Directions
Repeat the data that follows exactly, starting at the line with "Gängsnitt M75x1,5 vänster JBO" and ending at the line with "Christmas Gift Tracker", and leave out every picture.

(Data items)
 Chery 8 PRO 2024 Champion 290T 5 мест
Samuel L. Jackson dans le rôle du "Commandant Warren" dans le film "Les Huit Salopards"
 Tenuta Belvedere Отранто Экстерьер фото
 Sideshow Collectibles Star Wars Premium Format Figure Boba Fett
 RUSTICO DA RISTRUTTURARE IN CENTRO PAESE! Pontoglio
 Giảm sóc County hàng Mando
* * *
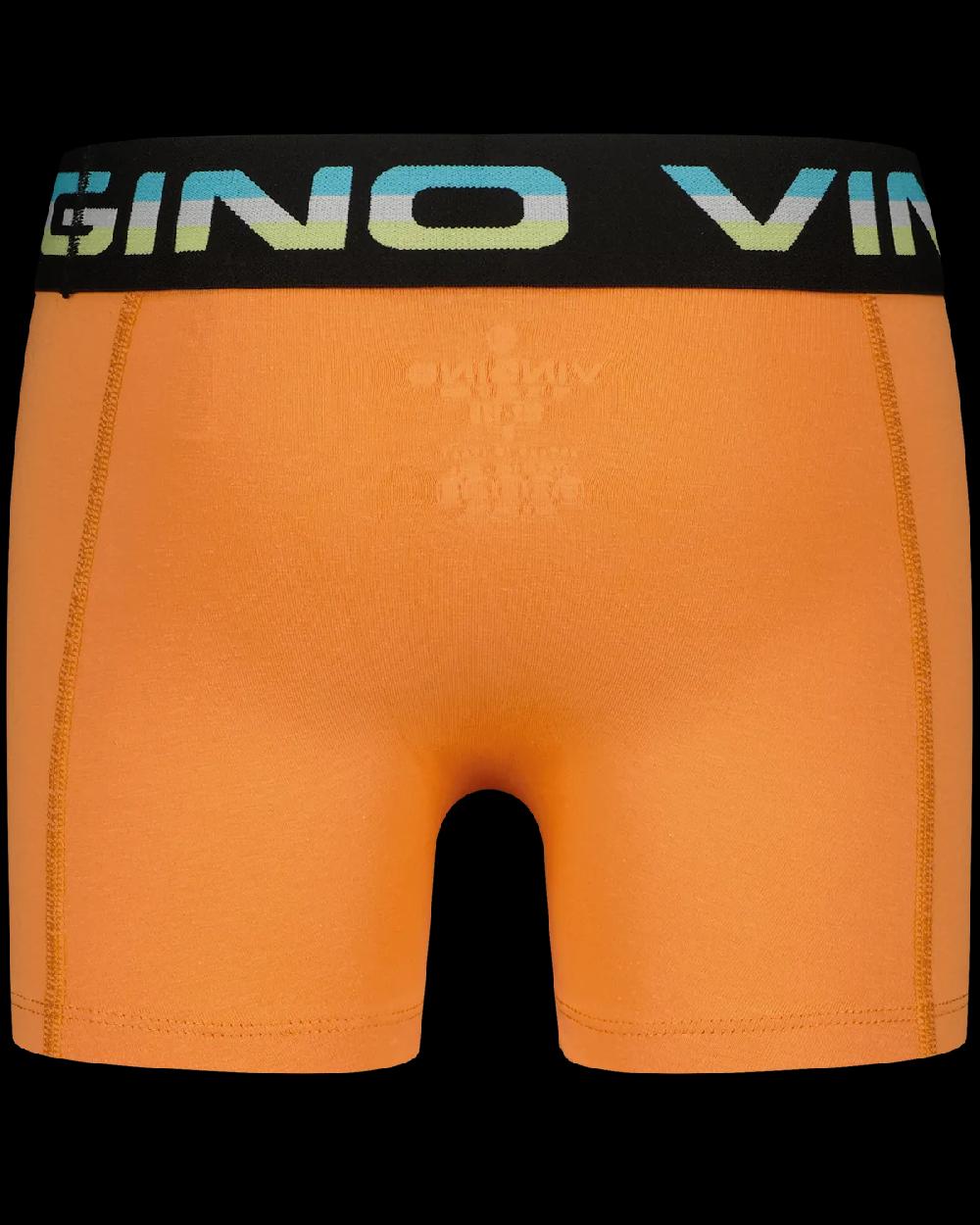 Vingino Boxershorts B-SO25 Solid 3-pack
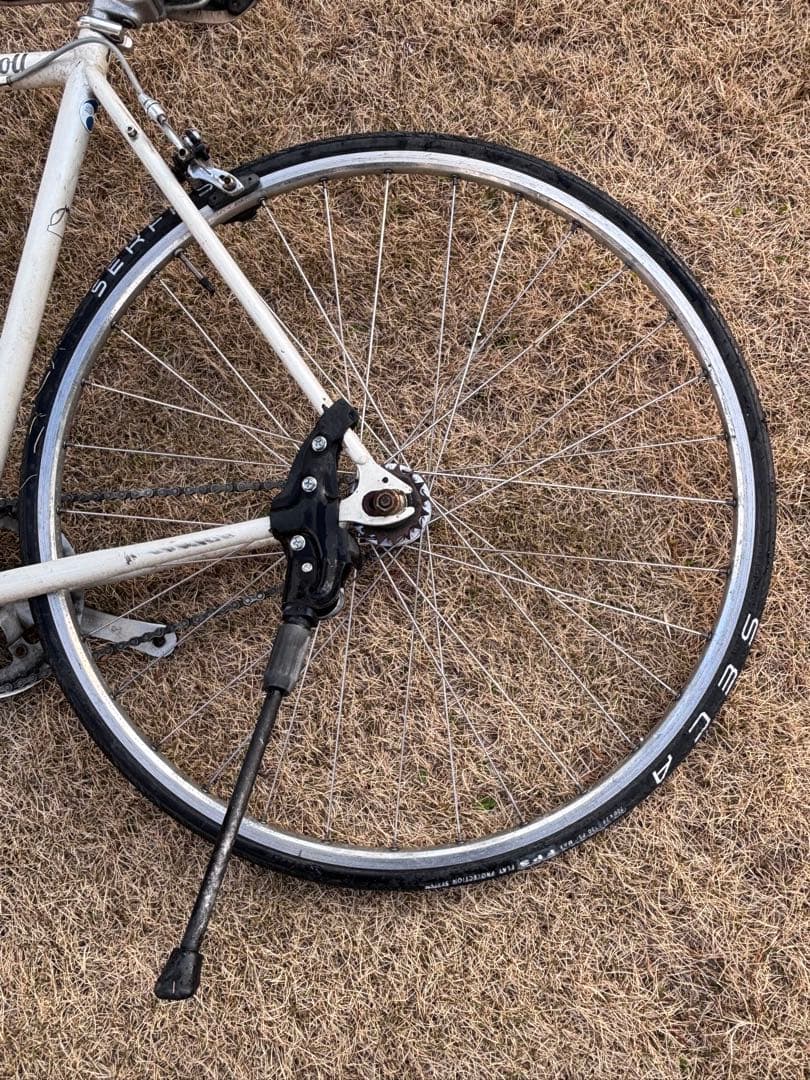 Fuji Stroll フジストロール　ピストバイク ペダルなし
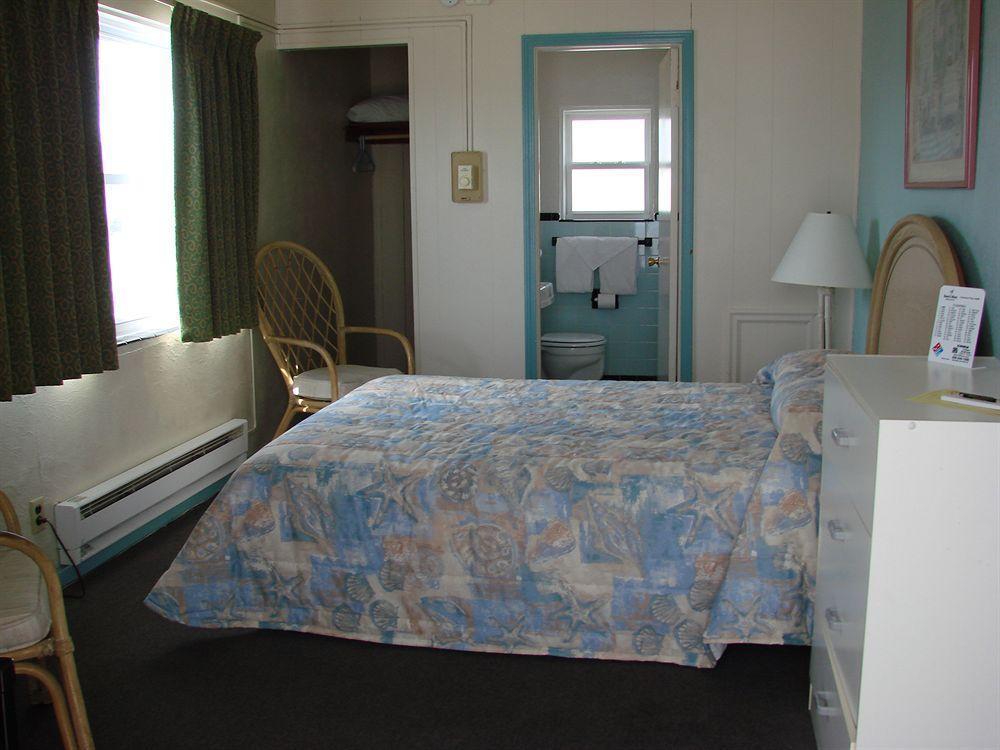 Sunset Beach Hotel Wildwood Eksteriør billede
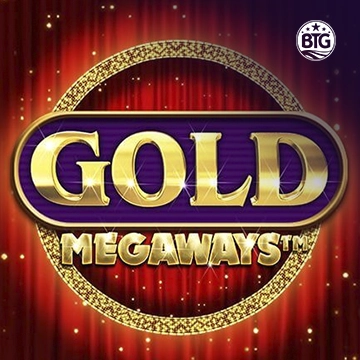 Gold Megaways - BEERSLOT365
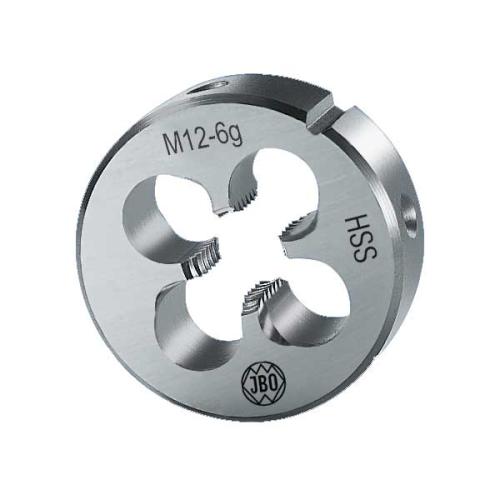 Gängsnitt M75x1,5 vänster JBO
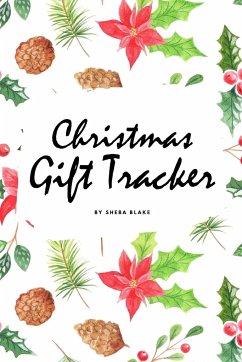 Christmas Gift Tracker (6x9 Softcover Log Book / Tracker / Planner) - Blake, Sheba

Written answer
 Gängsnitt M75x1,5 vänster JBO
 Christmas Gift Tracker (6x9 Softcover Log Book / Tracker / Planner) - Blake, Sheba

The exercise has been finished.